## DATA FOR REVIEW
--
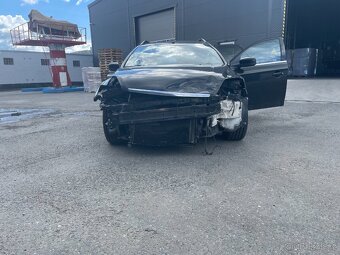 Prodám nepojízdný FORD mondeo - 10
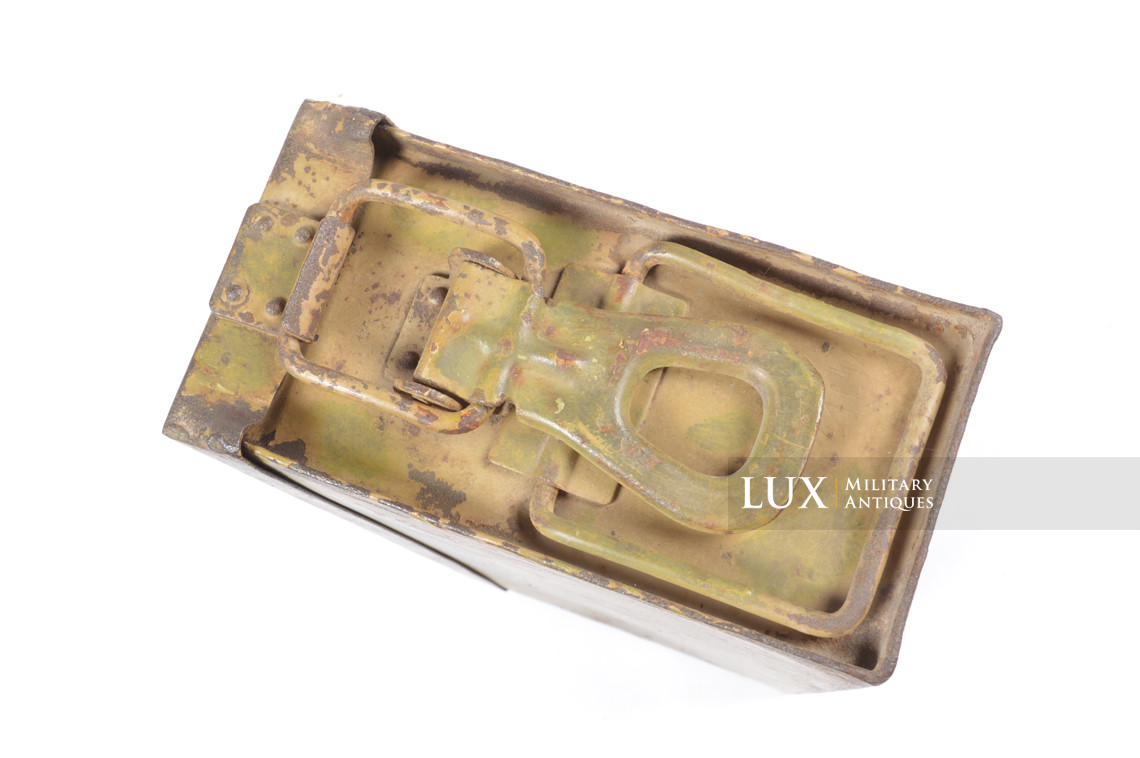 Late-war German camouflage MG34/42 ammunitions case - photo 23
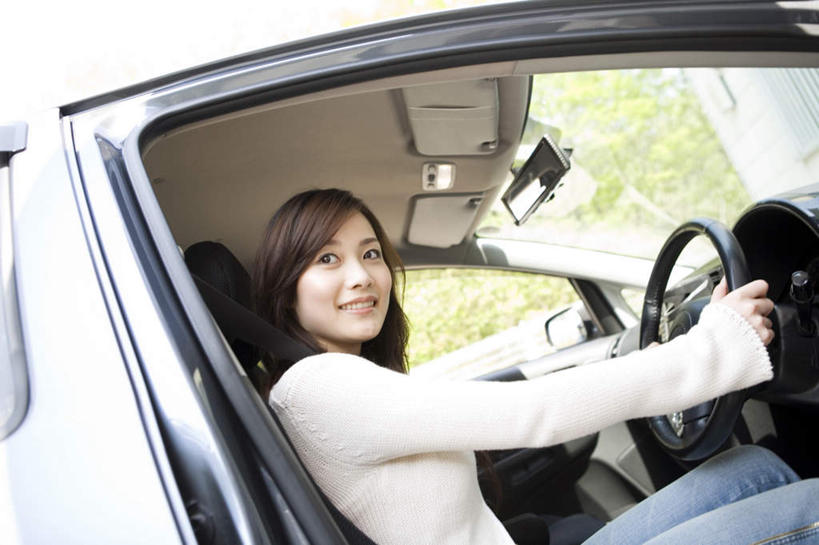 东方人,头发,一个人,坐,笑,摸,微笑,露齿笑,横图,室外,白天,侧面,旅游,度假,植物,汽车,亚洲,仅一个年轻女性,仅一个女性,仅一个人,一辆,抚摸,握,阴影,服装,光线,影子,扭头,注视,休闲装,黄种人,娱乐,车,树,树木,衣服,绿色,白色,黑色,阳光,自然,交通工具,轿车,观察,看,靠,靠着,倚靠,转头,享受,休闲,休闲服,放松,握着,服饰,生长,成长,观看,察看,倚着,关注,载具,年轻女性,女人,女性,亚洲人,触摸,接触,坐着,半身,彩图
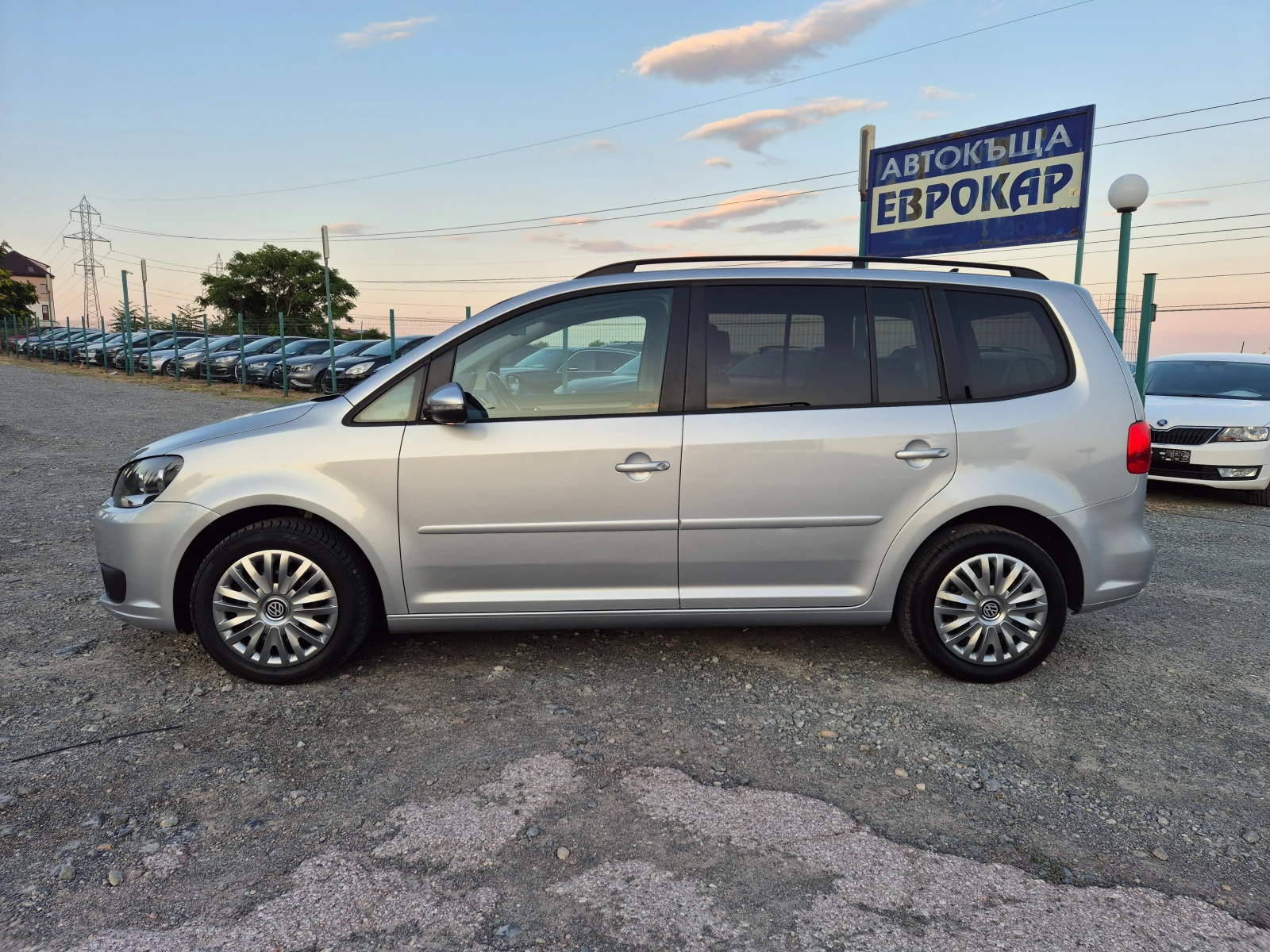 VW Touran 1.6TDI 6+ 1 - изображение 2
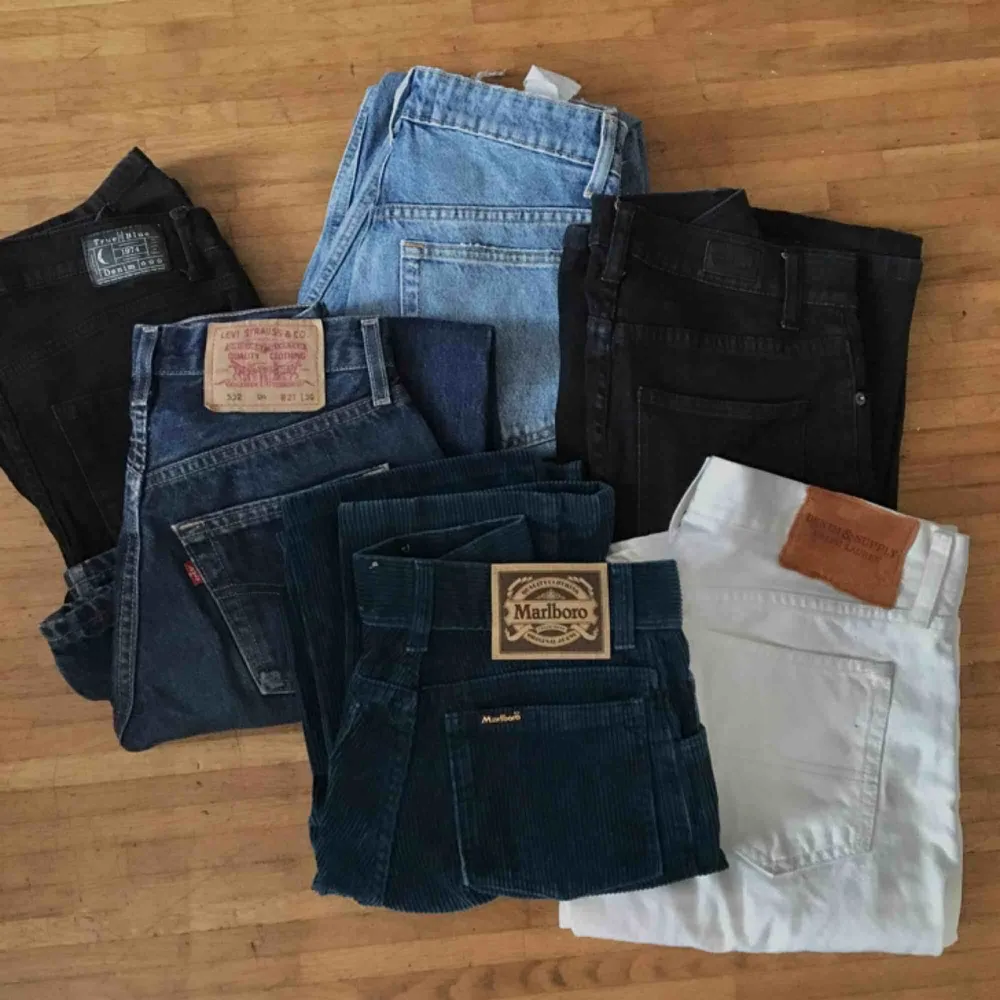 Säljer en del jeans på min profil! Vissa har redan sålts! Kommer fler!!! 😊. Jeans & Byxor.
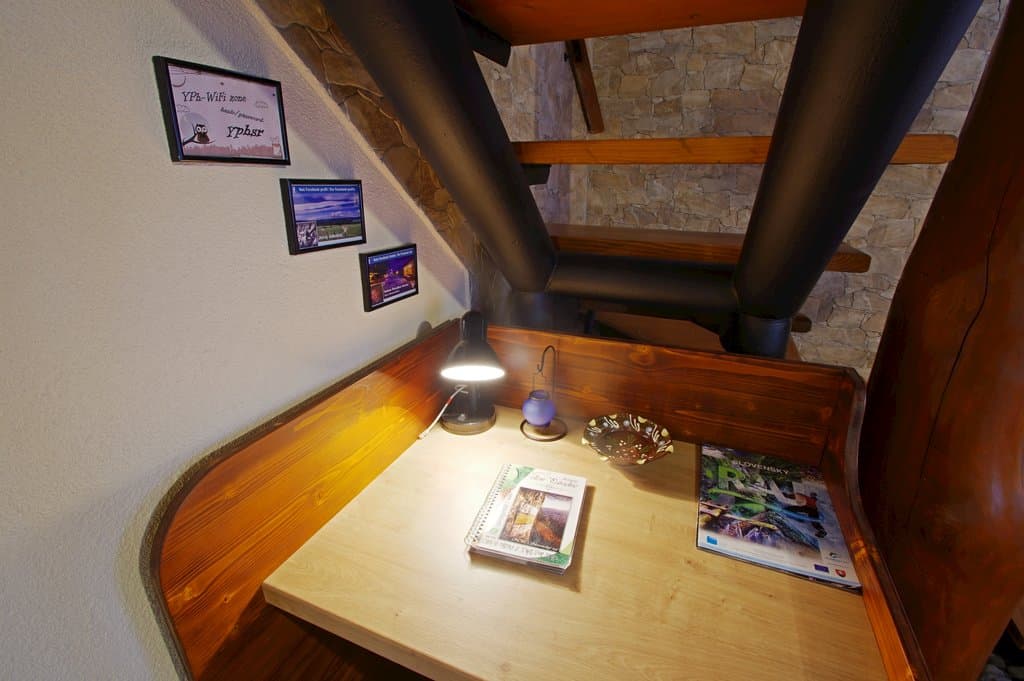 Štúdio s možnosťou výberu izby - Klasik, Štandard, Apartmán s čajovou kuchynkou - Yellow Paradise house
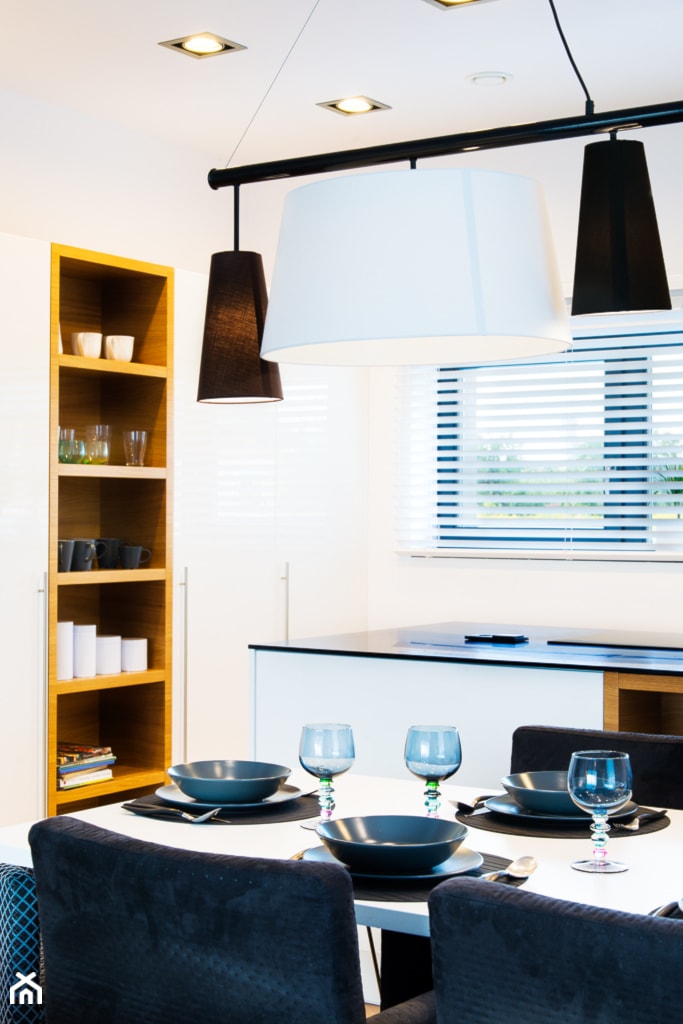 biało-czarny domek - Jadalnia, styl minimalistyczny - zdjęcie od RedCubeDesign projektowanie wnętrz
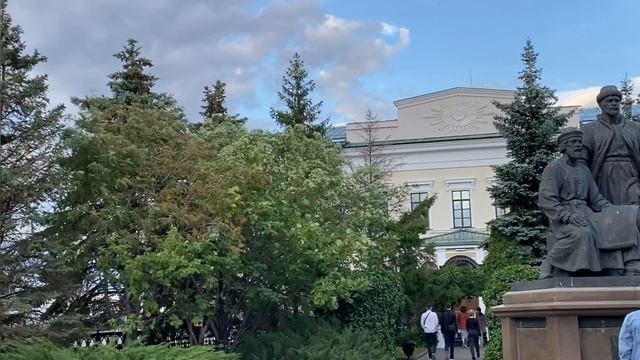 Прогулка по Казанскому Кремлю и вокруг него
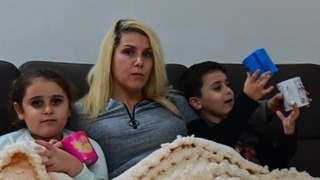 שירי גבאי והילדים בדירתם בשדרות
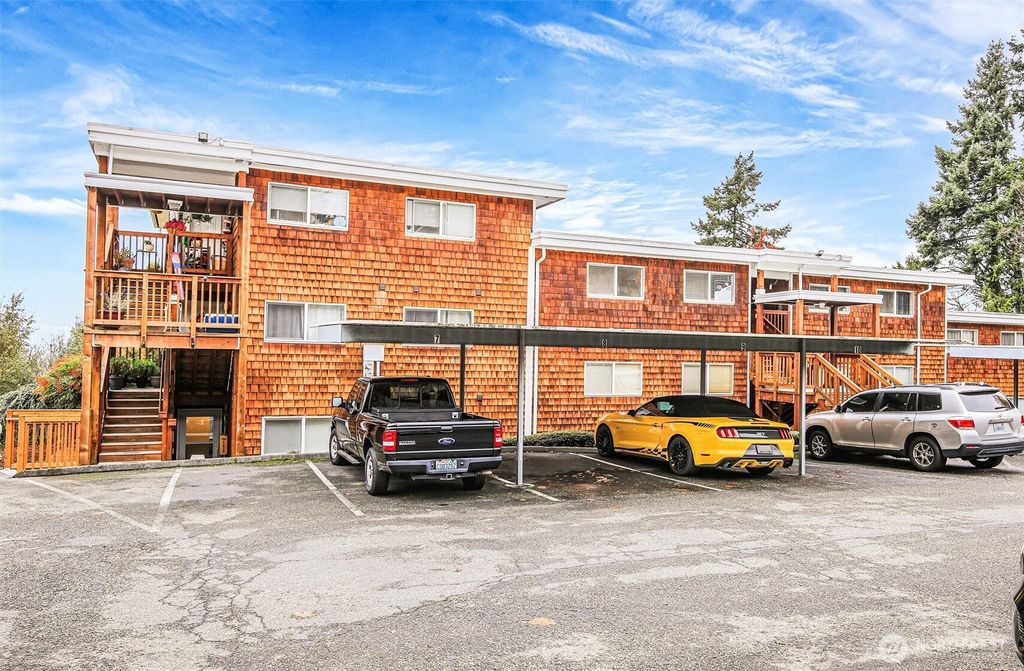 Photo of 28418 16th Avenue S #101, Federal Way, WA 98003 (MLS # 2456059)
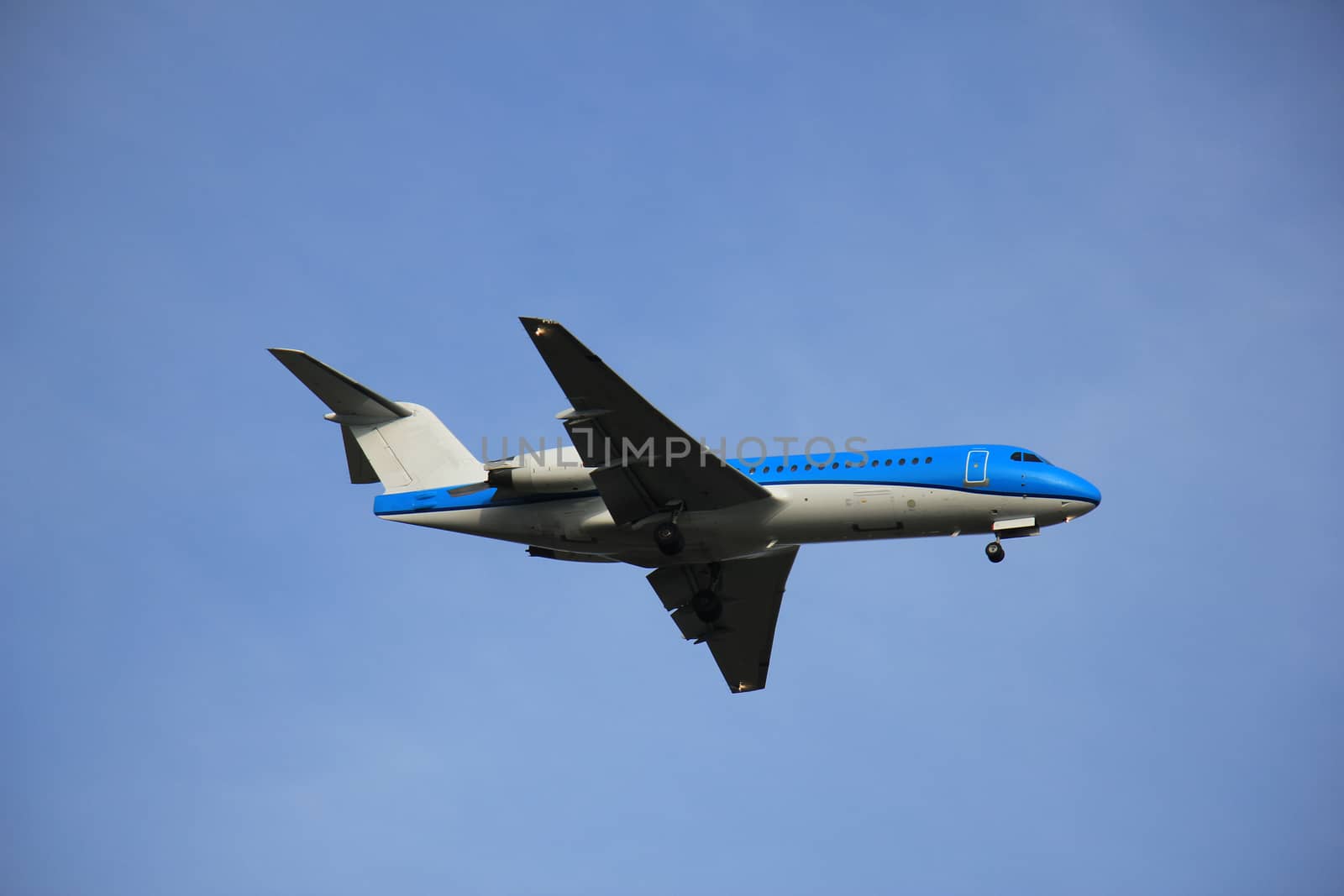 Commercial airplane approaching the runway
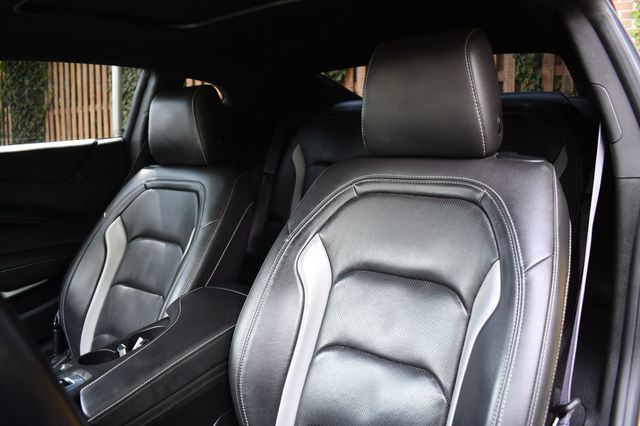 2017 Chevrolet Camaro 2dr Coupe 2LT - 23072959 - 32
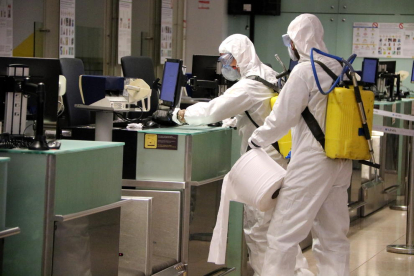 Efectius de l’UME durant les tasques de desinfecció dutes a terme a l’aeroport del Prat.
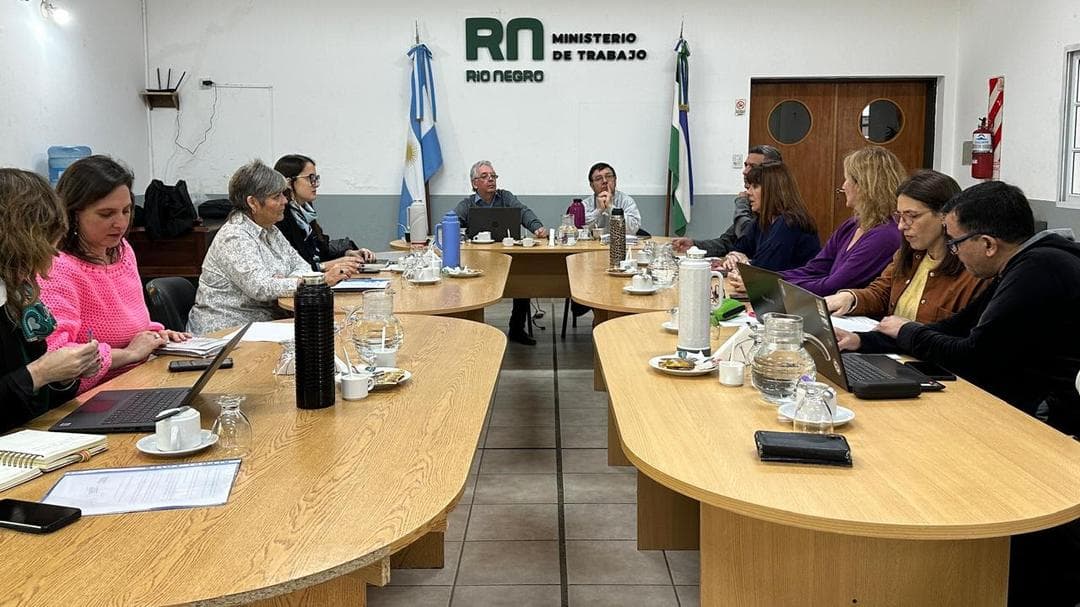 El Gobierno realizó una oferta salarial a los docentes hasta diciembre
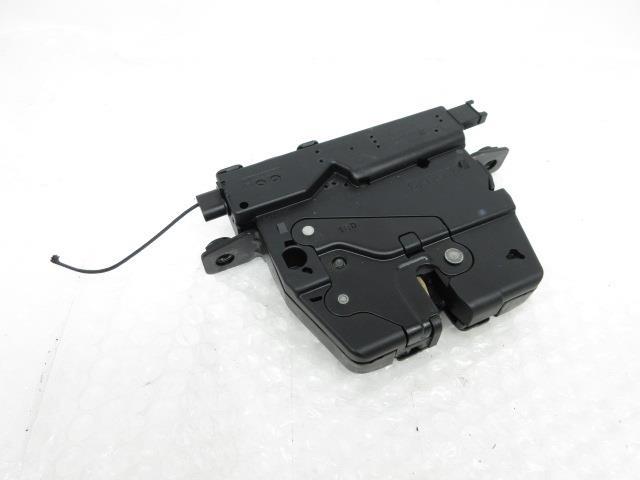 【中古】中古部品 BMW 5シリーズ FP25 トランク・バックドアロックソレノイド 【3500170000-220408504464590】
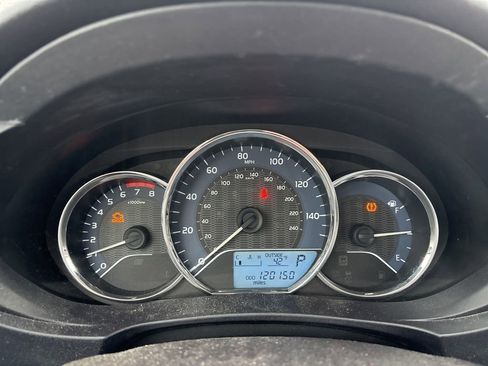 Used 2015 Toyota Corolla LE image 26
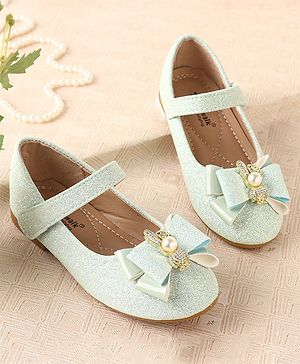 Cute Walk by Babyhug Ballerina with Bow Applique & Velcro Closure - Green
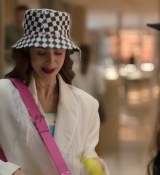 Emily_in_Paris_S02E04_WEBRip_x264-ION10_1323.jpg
--
## GOAL OF THE EXERCISE
Could you write the entries out again exactly, without their pictures?

## SOLUTION FOR THIS EXERCISE
 Prodám nepojízdný FORD mondeo - 10
 Late-war German camouflage MG34/42 ammunitions case - photo 23
 东方人,头发,一个人,坐,笑,摸,微笑,露齿笑,横图,室外,白天,侧面,旅游,度假,植物,汽车,亚洲,仅一个年轻女性,仅一个女性,仅一个人,一辆,抚摸,握,阴影,服装,光线,影子,扭头,注视,休闲装,黄种人,娱乐,车,树,树木,衣服,绿色,白色,黑色,阳光,自然,交通工具,轿车,观察,看,靠,靠着,倚靠,转头,享受,休闲,休闲服,放松,握着,服饰,生长,成长,观看,察看,倚着,关注,载具,年轻女性,女人,女性,亚洲人,触摸,接触,坐着,半身,彩图
 VW Touran 1.6TDI 6+ 1 - изображение 2
 Säljer en del jeans på min profil! Vissa har redan sålts! Kommer fler!!! 😊. Jeans & Byxor.
 Štúdio s možnosťou výberu izby - Klasik, Štandard, Apartmán s čajovou kuchynkou - Yellow Paradise house
 biało-czarny domek - Jadalnia, styl minimalistyczny - zdjęcie od RedCubeDesign projektowanie wnętrz
 Прогулка по Казанскому Кремлю и вокруг него
 שירי גבאי והילדים בדירתם בשדרות
 Photo of 28418 16th Avenue S #101, Federal Way, WA 98003 (MLS # 2456059)
 Commercial airplane approaching the runway
 2017 Chevrolet Camaro 2dr Coupe 2LT - 23072959 - 32
 Efectius de l’UME durant les tasques de desinfecció dutes a terme a l’aeroport del Prat.
 El Gobierno realizó una oferta salarial a los docentes hasta diciembre
 【中古】中古部品 BMW 5シリーズ FP25 トランク・バックドアロックソレノイド 【3500170000-220408504464590】
 Used 2015 Toyota Corolla LE image 26
 Cute Walk by Babyhug Ballerina with Bow Applique & Velcro Closure - Green
 Emily_in_Paris_S02E04_WEBRip_x264-ION10_1323.jpg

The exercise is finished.